Drop tables with corrupted metadata from the metastore

Learn how to drop tables that contain corrupted metadata from a metastore.

Written by Adam Pavlacka

Last published at: May 16th, 2022

Problem

Sometimes you cannot drop a table from the Databricks UI. Using %sql or spark.sql to drop table doesn’t work either.

Cause

The metadata (table schema) stored in the metastore is corrupted. When you run Drop table command, Spark checks whether table exists or not before dropping the table. Since the metadata is corrupted for the table Spark can’t drop the table and fails with following exception.

%scala

com.databricks.backend.common.rpc.DatabricksExceptions$SQLExecutionException: org.apache.spark.sql.AnalysisException: The metadata is corrupted

Solution

Use a Hive client to drop the table since the Hive client doesn’t check for the table existence as Spark does.
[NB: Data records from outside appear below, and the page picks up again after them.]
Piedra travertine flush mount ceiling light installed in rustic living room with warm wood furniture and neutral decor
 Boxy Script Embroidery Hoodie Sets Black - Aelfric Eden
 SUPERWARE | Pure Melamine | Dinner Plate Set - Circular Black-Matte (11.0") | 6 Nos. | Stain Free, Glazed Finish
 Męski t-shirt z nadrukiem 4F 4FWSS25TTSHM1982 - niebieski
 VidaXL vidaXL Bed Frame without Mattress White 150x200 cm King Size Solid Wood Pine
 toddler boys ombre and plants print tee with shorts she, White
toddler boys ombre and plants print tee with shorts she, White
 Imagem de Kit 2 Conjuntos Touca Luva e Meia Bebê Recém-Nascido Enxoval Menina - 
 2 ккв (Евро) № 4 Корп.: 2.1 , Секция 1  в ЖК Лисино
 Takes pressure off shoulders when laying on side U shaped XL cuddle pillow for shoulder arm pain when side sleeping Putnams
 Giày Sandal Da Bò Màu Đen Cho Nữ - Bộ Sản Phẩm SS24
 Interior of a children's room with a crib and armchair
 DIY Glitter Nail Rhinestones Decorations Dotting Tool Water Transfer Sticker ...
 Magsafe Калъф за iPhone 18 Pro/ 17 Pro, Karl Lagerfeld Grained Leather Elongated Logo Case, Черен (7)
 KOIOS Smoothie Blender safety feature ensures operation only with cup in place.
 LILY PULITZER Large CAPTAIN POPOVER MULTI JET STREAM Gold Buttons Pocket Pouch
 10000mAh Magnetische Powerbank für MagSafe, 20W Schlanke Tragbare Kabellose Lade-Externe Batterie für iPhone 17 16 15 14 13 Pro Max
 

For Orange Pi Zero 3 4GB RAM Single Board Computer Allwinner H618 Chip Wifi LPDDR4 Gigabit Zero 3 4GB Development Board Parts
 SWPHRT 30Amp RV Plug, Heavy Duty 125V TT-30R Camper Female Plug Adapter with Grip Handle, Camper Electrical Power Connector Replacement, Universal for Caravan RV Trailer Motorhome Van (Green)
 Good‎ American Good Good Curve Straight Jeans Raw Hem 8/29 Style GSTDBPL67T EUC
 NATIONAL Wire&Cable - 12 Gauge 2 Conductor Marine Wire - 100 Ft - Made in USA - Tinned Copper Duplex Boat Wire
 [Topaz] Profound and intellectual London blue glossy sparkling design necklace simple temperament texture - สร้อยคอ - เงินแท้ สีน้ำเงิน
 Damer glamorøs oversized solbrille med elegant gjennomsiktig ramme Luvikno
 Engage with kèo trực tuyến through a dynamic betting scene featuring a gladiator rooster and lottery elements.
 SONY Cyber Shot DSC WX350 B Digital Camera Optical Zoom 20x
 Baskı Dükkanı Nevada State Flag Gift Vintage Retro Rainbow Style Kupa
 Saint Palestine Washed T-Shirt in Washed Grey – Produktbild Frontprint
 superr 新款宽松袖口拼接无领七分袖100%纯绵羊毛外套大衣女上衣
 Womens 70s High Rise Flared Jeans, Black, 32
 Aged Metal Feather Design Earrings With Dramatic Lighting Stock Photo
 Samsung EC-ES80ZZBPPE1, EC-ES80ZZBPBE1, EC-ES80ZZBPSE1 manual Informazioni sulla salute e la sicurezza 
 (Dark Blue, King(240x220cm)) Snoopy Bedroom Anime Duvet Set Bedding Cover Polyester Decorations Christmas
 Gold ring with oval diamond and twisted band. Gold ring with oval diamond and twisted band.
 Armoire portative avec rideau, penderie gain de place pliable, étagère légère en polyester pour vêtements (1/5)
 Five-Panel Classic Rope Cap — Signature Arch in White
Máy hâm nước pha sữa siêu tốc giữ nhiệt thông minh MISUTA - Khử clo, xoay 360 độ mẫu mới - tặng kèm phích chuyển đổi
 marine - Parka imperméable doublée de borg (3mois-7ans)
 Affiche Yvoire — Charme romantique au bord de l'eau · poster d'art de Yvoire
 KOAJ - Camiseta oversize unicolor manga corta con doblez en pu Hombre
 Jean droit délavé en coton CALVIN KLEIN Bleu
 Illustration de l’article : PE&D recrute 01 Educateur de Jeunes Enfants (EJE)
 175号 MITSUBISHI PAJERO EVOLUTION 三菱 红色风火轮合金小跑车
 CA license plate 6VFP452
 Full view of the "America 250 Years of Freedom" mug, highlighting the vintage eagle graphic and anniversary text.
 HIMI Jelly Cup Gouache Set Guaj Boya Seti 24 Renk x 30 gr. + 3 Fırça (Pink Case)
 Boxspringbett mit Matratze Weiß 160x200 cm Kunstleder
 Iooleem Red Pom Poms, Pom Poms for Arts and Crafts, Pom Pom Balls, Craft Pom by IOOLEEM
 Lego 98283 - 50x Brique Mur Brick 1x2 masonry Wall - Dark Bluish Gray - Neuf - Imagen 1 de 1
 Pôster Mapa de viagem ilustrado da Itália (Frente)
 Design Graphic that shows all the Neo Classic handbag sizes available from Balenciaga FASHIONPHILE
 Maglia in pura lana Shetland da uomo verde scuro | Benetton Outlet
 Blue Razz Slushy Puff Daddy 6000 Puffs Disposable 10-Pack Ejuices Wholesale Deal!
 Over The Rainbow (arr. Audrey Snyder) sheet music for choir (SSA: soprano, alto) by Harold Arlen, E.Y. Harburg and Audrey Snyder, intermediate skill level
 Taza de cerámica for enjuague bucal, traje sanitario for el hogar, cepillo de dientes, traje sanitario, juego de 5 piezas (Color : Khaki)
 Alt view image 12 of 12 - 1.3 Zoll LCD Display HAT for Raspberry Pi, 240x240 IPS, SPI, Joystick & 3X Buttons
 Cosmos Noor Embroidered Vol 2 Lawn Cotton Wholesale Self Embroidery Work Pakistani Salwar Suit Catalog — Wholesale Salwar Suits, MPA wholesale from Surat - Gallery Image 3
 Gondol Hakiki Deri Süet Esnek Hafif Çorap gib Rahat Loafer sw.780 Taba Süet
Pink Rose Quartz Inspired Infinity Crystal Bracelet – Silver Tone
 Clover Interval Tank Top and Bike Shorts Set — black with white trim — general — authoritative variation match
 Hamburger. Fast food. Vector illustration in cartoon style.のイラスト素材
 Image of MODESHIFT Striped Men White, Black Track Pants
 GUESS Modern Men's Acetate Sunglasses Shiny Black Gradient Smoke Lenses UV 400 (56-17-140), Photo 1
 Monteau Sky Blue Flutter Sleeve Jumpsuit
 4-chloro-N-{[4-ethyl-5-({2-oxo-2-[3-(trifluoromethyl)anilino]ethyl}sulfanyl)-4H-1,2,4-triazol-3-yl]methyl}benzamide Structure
To drop a table:

  1. Create a function inside Hive package.
    %scala
    
    package org.apache.spark.sql.hive {
    import org.apache.spark.sql.hive.HiveUtils
    import org.apache.spark.SparkContext
    
    object utils {
        def dropTable(sc: SparkContext, dbName: String, tableName: String, ignoreIfNotExists: Boolean, purge: Boolean): Unit = {
          HiveUtils
              .newClientForMetadata(sc.getConf, sc.hadoopConfiguration)
              .dropTable(dbName, tableName, ignoreIfNotExists, false)
        }
      }
    }
  2. Drop corrupted tables.
    %scala
    
    import org.apache.spark.sql.hive.utils
    utils.dropTable(sc, "default", "my_table", true, true)